Experimental Interactive/GUI Queues
Traditionally all computational jobs run on HPC clusters are batch jobs, i.e., once started, there is no interaction with the computation; no GUI is required or used. For example, Matlab code is run at the command-line interface (e.g., matlab < my_prog.m) rather than within the graphical shell.
However, in some cases use of an application GUI may be desirable or even necessary (e.g., with Matlab or Fluent). For this, interactive queues exist on man2.nw-grid.ac.uk and mace01.mace.manchester.ac.uk which enable users to queue interactive, GUI-based sessions.
These interactive queues are experimental. Please contact the system administrator of the Man2 and/or Mace01 before using them.

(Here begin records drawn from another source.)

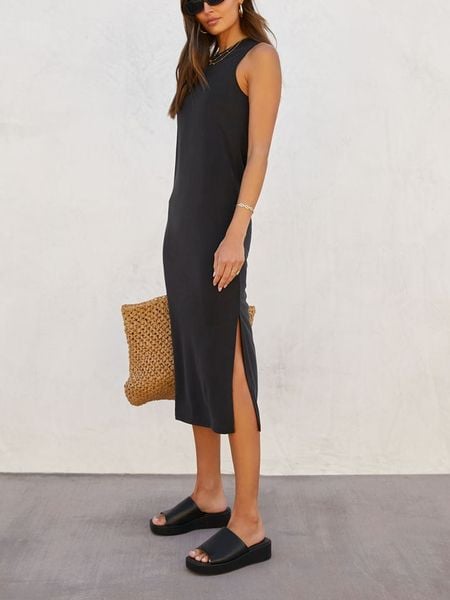 Milan Kiss Sukienka w kolorze czarnym rozmiar: L. Czarne sukienki damskie Milan Kiss, bez wzorów, bez ramiączek. Za 113.90 zł.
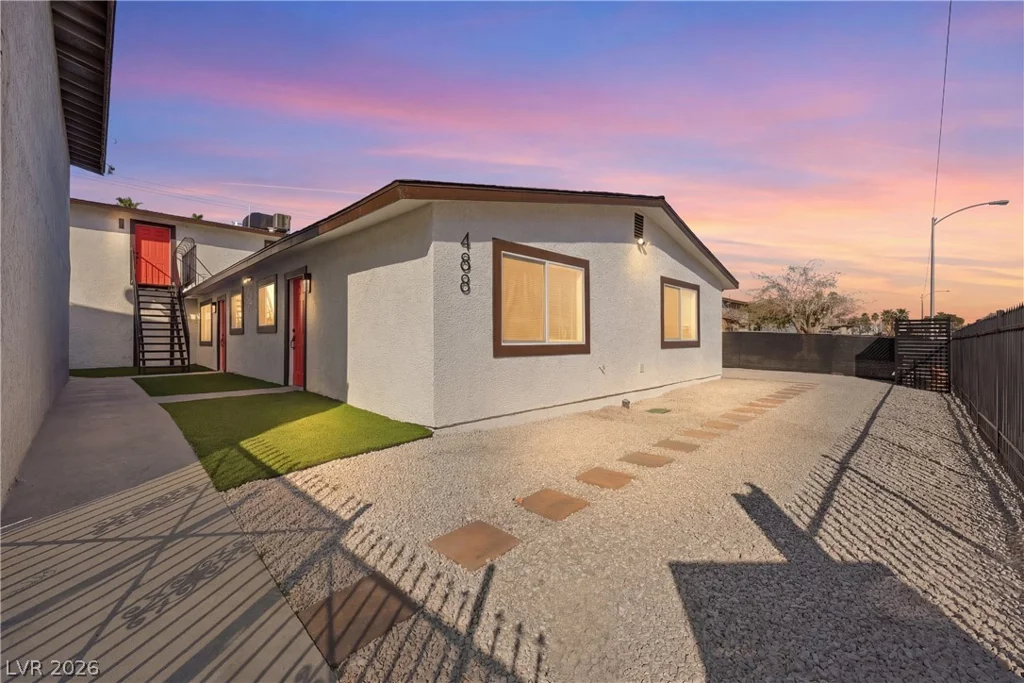 488 Albert, Las Vegas, NV 89119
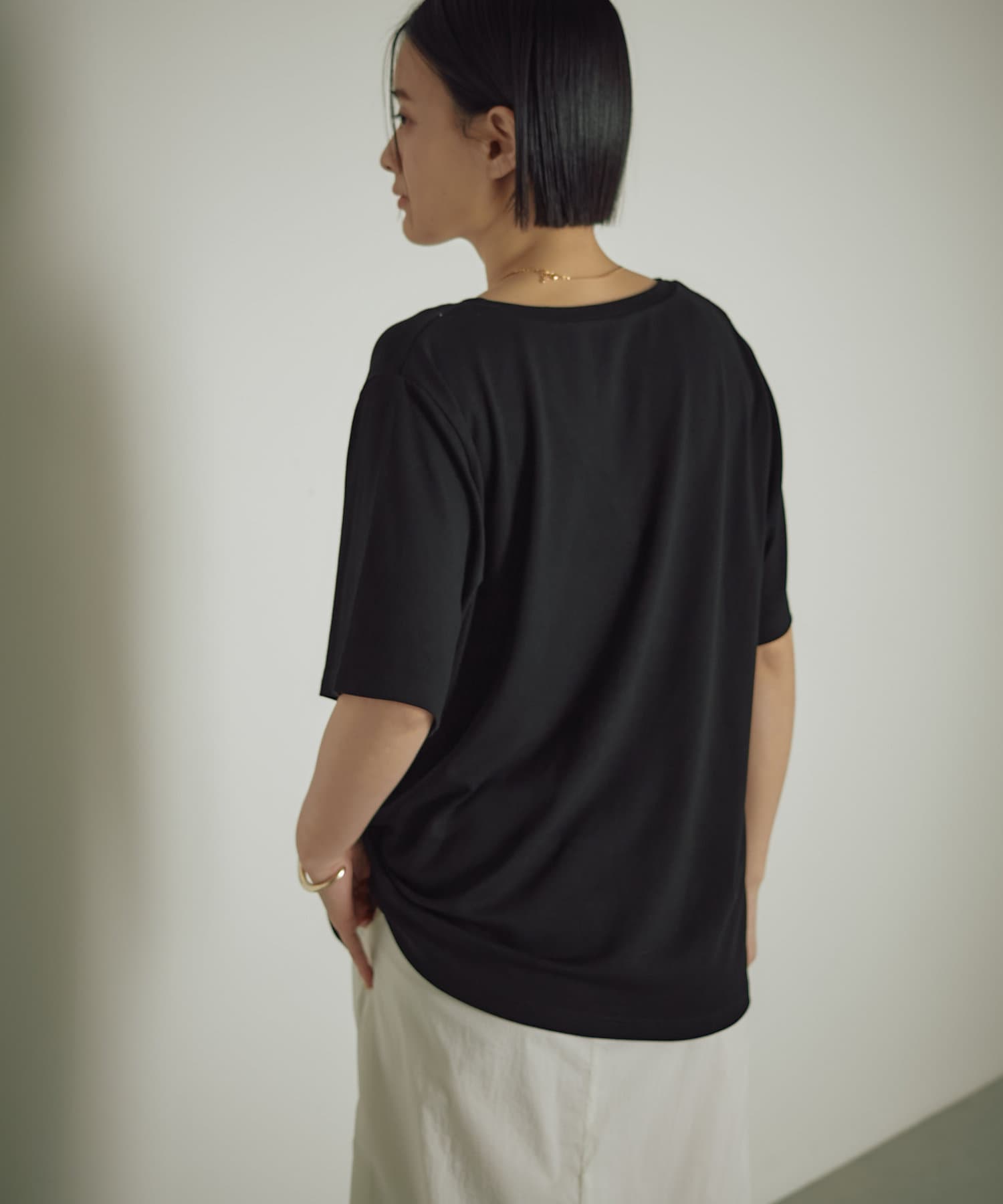 earthy_(アーシー) VネックオーバーTEE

Experimental Virtual Desktop Services
It may be that queued, GUI-based sessions take some hours, and that during that time a user wishes to change location (e.g., move from office to home) and/or the computer being used (e.g., from office desktop to home laptop).
Shutting down (or suspending) a desktop or laptop on which a remotely-running application GUI is displayed will usually force the application to exit (when the connection timeout is exceeded) killing the job half-way through); and of course a user can no longer interact with an application displayed on a desktop from a different location!
VNC solves these problems via its virtual desktop. Applications run displayed on the virtual desktop whether or not this virtual desktop is it self currently being displayed. This means that a user can start an application on a virtual desktop, then disconnect and reconnect as required, while the application continues to run untroubled.
An experimental virtual desktop (VNC) services is being trialled on mace01.mace.manchester.ac.uk.